--- Task to carry out ---
Using the data below, set down every line from the one containing "Courthouse. Gonzales, Texas, 1939" through the one containing "Šaty s 3D květinovým vzorem", inclusive and unchanged. Pictures are to be skipped.

--- Dataset records ---
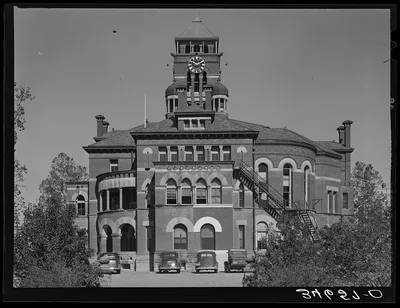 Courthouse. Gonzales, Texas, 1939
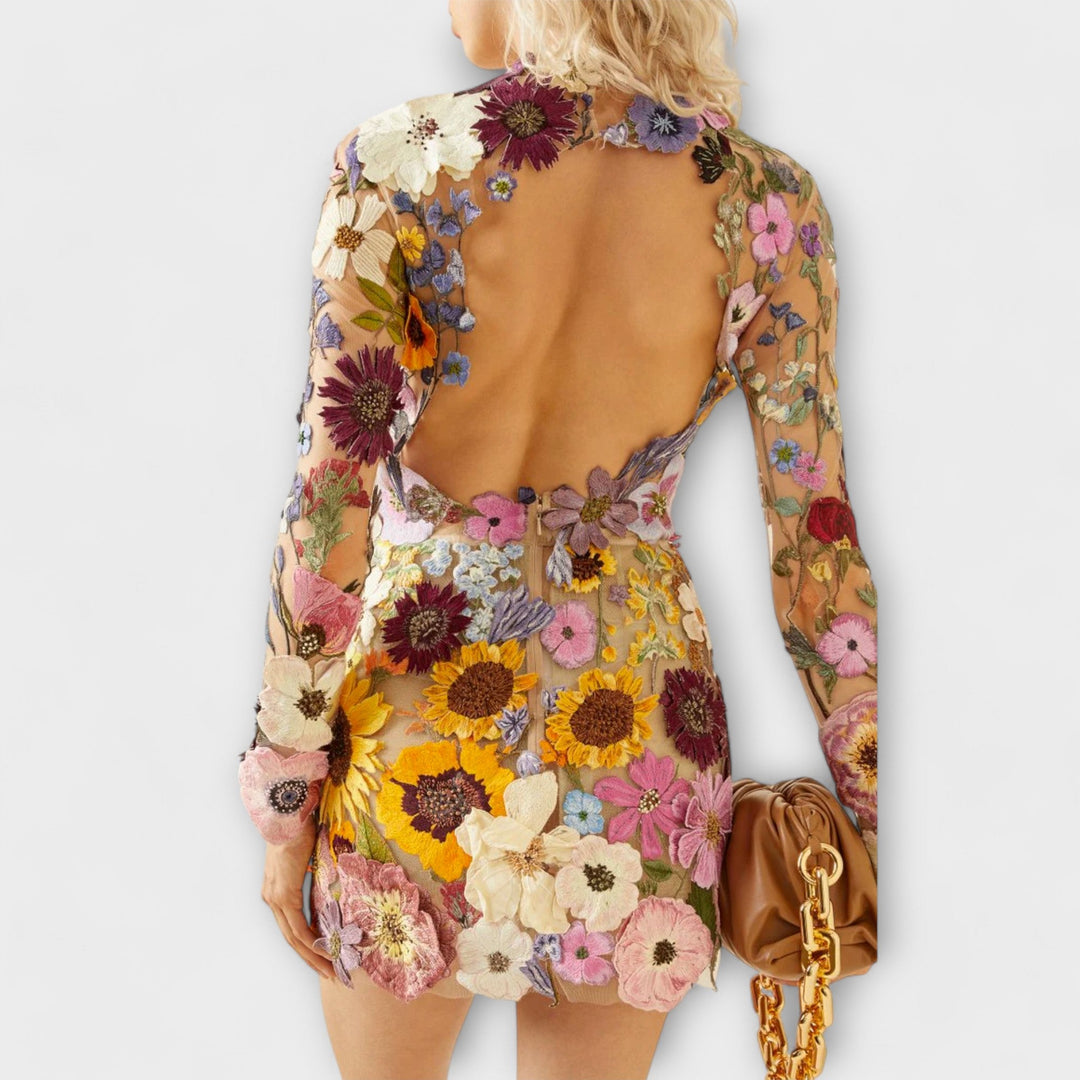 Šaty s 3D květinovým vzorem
---
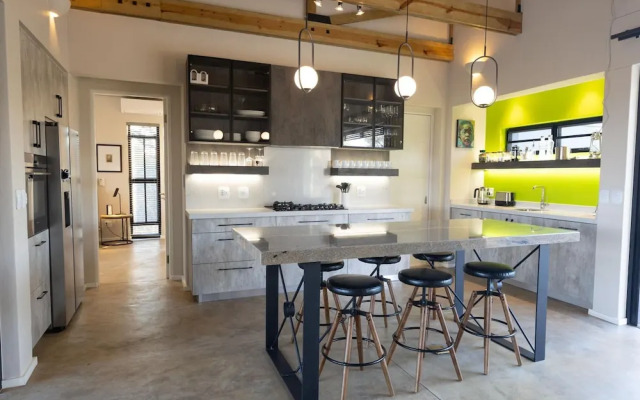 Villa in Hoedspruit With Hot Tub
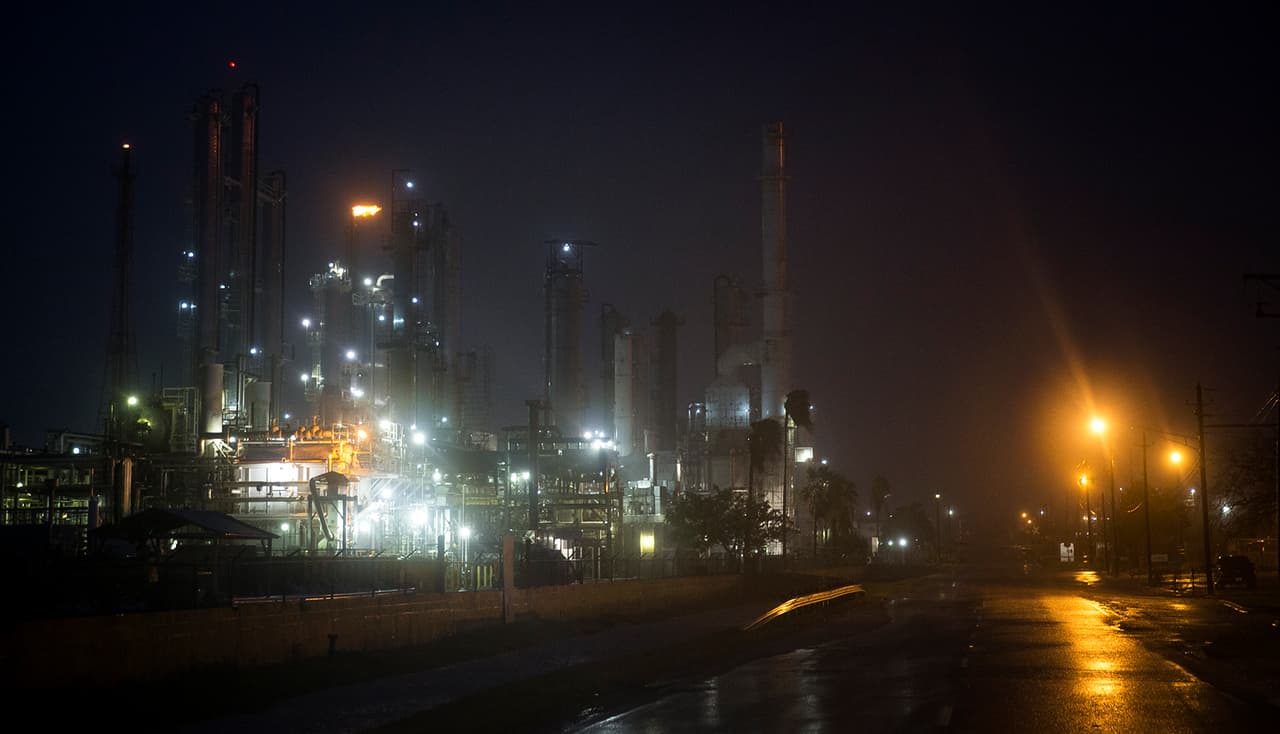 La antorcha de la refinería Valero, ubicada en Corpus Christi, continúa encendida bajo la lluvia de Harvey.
* * *
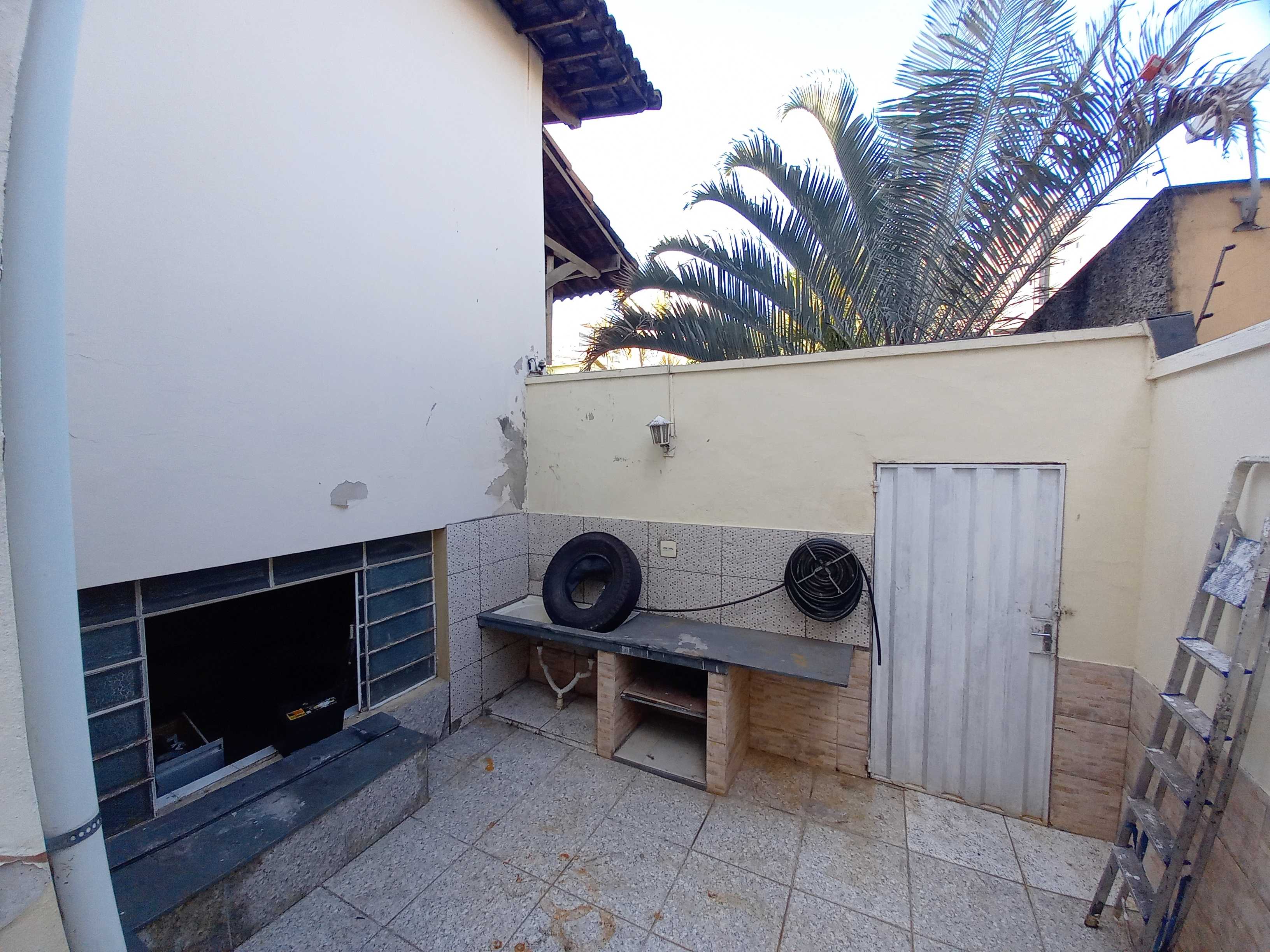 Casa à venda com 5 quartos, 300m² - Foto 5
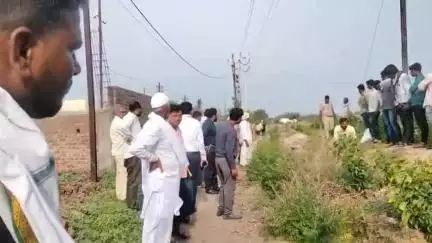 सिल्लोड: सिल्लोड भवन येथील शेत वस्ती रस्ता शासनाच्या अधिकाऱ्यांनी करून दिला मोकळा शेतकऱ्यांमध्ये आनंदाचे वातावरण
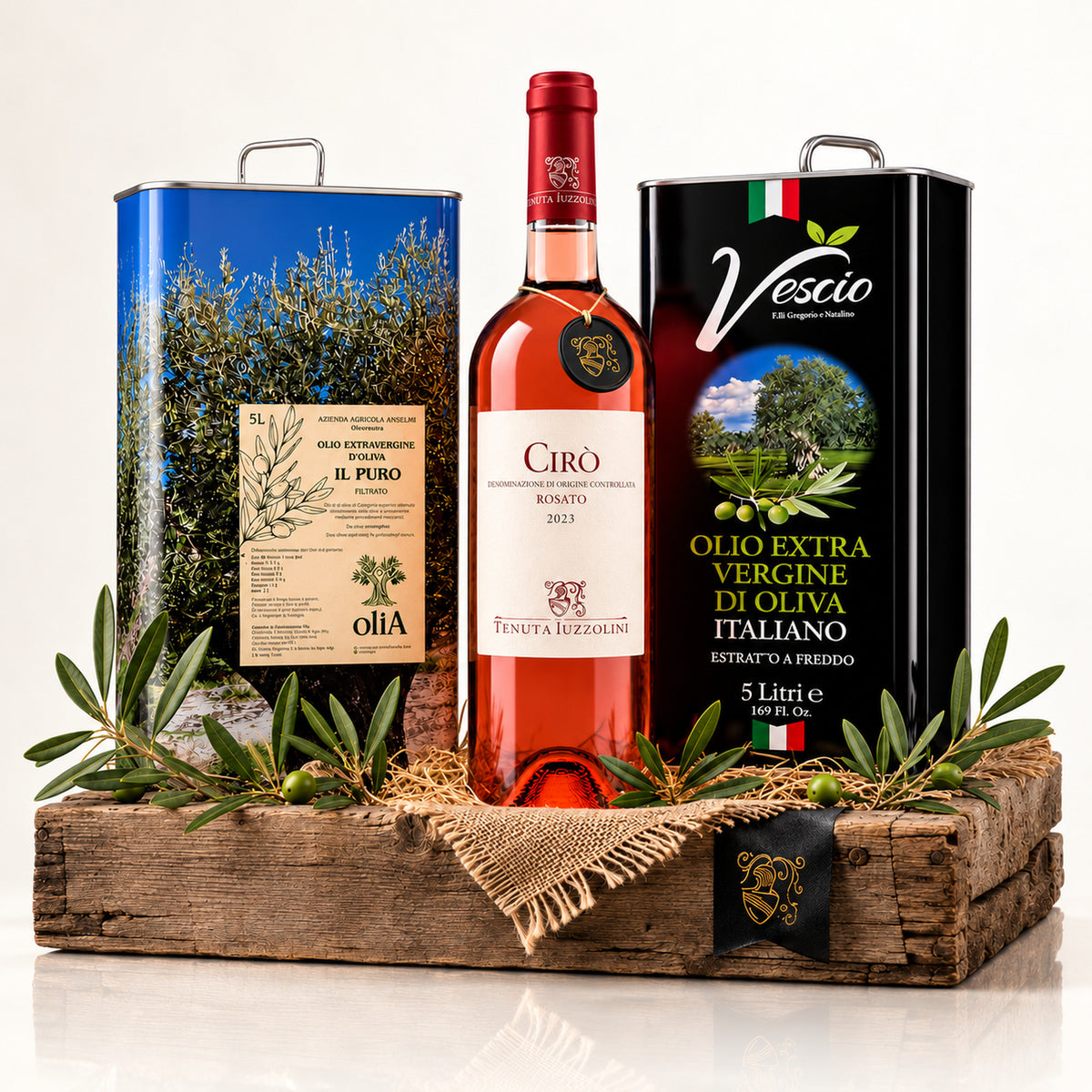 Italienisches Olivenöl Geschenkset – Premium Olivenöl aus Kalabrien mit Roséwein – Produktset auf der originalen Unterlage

--- Solved exercise ---
 Courthouse. Gonzales, Texas, 1939
 Šaty s 3D květinovým vzorem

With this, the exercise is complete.